What the task requires =
Write out the listing below without alteration, omitting its pictures.

Information shown =
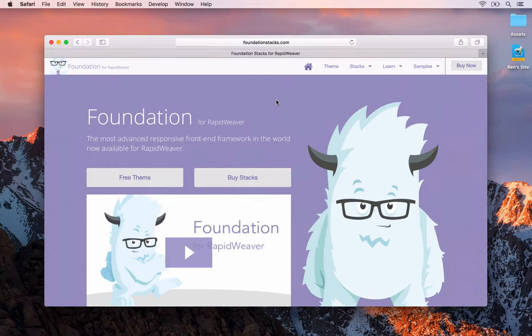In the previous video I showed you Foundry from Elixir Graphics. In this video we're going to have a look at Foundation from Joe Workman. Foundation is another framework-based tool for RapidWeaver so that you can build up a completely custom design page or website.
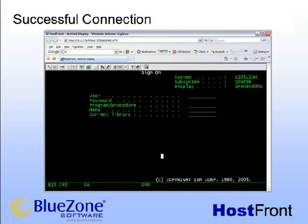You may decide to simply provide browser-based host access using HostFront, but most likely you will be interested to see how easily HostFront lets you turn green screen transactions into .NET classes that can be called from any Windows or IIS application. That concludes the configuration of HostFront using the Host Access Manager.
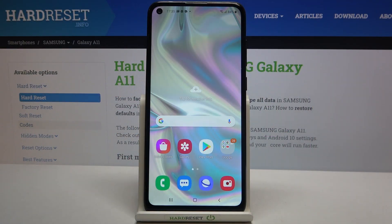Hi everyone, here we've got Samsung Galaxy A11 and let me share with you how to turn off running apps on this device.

Solution to this problem =
In the previous video I showed you Foundry from Elixir Graphics. In this video we're going to have a look at Foundation from Joe Workman. Foundation is another framework-based tool for RapidWeaver so that you can build up a completely custom design page or website.
You may decide to simply provide browser-based host access using HostFront, but most likely you will be interested to see how easily HostFront lets you turn green screen transactions into .NET classes that can be called from any Windows or IIS application. That concludes the configuration of HostFront using the Host Access Manager.
Hi everyone, here we've got Samsung Galaxy A11 and let me share with you how to turn off running apps on this device.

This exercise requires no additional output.